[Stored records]
************
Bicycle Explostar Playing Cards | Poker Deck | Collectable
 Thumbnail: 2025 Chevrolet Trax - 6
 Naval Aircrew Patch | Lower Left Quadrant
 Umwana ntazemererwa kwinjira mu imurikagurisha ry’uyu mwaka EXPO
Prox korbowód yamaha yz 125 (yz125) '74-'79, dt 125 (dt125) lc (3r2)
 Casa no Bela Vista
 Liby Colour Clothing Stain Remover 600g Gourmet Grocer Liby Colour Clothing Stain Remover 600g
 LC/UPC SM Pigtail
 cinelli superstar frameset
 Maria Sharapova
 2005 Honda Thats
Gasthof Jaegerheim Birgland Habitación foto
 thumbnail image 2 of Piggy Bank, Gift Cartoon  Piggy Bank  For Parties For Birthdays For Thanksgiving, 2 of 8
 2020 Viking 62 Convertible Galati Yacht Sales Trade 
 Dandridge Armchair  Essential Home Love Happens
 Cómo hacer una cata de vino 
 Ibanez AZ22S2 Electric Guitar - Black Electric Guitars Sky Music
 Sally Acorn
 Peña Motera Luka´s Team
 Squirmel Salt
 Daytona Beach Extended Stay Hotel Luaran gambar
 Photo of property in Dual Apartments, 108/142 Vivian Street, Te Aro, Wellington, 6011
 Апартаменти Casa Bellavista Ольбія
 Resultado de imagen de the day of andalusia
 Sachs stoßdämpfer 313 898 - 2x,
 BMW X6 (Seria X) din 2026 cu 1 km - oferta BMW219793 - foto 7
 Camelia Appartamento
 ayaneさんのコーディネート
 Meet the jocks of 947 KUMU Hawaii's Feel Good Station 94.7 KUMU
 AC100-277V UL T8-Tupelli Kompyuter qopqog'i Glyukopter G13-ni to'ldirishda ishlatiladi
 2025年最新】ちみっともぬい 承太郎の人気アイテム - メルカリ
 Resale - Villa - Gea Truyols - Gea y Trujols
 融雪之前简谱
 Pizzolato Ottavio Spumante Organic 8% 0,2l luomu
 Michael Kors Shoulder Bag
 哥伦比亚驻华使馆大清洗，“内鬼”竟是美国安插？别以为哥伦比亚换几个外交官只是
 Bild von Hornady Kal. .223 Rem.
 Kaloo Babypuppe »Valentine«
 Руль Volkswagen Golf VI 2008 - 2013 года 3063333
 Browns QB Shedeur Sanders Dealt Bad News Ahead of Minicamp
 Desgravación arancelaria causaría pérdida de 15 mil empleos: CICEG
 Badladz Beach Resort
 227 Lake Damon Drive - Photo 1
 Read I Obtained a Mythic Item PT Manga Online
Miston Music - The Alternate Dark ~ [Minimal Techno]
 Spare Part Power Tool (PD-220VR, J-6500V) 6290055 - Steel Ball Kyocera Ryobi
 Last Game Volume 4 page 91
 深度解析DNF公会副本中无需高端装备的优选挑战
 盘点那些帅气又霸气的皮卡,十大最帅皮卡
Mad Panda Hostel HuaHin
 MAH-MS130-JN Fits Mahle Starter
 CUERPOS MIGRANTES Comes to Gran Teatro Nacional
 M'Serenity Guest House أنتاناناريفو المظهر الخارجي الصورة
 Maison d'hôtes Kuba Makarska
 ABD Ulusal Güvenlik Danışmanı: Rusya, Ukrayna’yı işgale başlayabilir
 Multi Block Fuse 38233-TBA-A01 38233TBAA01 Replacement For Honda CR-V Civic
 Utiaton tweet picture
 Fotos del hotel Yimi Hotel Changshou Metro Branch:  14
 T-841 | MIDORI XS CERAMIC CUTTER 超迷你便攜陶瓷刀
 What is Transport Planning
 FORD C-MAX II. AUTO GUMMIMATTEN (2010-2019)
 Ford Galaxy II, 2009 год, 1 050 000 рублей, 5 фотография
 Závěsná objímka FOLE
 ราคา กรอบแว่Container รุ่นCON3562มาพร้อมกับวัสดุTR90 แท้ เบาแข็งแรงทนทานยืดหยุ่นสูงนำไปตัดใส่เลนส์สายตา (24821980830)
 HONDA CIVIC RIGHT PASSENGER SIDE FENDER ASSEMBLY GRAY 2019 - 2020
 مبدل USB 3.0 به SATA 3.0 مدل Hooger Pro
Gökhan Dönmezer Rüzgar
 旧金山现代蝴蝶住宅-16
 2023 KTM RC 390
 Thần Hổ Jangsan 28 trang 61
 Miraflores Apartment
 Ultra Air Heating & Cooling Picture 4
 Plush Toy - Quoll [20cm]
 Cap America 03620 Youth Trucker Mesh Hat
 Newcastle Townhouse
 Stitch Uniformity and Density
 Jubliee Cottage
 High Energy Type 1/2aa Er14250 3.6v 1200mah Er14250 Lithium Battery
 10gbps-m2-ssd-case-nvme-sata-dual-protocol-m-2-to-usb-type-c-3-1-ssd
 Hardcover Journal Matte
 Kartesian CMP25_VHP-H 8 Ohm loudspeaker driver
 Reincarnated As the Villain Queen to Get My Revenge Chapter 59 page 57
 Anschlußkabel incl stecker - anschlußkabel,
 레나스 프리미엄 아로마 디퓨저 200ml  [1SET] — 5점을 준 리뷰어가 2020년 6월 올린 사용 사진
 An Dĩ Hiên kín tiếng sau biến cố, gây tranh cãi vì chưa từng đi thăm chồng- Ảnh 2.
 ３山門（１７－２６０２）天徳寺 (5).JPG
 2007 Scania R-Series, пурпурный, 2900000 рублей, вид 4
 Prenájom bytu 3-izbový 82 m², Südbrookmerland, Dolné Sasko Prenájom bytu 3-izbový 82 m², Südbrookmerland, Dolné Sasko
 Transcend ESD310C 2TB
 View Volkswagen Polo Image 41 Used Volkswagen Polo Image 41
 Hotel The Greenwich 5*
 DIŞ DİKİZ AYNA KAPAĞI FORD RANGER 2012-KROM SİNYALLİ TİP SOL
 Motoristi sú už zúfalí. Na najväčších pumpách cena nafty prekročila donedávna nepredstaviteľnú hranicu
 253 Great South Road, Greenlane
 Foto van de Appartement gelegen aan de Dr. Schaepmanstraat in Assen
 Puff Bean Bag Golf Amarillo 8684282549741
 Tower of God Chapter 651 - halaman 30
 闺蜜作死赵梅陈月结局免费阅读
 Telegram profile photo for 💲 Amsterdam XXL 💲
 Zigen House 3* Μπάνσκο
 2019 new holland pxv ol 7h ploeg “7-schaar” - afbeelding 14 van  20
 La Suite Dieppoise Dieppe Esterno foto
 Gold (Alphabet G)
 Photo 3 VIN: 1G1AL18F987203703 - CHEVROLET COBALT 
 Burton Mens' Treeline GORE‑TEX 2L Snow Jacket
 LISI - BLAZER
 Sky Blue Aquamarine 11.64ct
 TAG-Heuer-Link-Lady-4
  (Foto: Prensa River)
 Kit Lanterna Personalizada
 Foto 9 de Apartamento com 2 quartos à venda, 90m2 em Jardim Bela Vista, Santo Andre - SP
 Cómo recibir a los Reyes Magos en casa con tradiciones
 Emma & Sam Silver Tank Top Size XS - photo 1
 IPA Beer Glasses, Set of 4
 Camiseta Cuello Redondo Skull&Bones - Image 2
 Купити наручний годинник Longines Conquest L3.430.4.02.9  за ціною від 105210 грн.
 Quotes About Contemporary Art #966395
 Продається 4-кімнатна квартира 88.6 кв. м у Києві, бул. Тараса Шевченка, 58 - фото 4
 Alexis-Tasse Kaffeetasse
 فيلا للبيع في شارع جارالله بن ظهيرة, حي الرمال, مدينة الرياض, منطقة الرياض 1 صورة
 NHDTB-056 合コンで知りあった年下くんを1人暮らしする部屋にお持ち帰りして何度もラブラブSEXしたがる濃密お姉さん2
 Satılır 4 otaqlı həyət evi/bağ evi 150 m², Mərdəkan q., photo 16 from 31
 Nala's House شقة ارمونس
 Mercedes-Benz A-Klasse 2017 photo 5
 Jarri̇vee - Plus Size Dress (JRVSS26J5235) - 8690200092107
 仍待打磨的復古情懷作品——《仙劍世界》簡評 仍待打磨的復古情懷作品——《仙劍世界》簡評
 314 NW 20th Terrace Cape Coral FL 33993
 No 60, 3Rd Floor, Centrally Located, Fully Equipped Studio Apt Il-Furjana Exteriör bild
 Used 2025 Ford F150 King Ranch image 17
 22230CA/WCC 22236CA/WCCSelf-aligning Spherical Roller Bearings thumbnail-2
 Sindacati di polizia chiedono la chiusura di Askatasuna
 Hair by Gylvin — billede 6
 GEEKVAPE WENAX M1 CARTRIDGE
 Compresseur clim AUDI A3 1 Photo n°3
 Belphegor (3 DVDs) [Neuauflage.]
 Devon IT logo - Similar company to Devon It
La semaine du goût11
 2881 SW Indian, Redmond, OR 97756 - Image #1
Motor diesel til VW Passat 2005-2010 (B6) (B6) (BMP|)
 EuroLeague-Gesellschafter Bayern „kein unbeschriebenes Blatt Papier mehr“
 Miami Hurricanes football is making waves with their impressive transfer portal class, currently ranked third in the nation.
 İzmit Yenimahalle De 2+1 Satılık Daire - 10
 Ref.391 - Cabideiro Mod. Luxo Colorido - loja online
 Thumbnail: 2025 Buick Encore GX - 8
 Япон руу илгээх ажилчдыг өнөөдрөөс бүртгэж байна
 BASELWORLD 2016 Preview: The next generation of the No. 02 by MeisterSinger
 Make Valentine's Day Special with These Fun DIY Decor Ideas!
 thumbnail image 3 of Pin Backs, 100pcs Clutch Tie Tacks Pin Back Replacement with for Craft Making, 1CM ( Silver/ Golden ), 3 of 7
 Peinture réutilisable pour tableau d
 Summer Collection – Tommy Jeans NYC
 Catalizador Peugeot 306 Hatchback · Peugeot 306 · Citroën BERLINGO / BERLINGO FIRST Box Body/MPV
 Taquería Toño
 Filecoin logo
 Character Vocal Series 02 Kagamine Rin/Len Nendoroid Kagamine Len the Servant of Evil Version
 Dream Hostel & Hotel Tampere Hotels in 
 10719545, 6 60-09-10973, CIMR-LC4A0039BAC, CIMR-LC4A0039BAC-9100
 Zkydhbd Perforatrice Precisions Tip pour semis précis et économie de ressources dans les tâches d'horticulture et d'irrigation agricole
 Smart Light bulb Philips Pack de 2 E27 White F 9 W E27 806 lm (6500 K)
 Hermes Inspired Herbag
************
**INSTRUCTIONS TO FOLLOW:** Every line of the records above where the string "page" is found should be copied.

**WRITTEN SOLUTION:**
 Last Game Volume 4 page 91
 Reincarnated As the Villain Queen to Get My Revenge Chapter 59 page 57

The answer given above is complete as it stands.